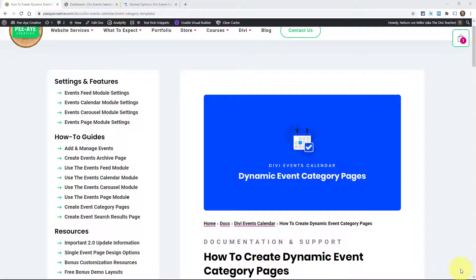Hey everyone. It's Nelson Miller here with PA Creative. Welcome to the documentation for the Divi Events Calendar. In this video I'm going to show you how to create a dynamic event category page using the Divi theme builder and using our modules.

══════

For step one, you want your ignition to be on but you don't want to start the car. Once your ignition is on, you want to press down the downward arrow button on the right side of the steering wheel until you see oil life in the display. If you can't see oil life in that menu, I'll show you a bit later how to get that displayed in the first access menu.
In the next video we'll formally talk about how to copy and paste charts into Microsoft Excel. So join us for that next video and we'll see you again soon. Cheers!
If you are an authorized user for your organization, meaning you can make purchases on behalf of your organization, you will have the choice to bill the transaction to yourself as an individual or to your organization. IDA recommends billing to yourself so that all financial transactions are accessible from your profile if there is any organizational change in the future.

══════

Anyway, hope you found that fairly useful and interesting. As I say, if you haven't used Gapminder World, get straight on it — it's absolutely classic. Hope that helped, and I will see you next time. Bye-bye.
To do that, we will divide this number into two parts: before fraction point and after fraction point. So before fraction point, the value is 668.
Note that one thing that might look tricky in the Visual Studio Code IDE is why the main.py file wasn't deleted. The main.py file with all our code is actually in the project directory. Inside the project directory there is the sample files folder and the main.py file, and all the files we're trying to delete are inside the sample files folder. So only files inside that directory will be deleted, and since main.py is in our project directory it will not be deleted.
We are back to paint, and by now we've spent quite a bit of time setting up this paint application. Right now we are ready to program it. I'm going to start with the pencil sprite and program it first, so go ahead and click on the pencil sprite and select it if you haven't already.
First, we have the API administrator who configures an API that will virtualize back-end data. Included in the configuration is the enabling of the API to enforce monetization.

══════

● WHAT YOU NEED TO DO: Using the listing above, state how many lines contain the string "will". Give the number by itself.

● RESULT FOR THIS TASK: 5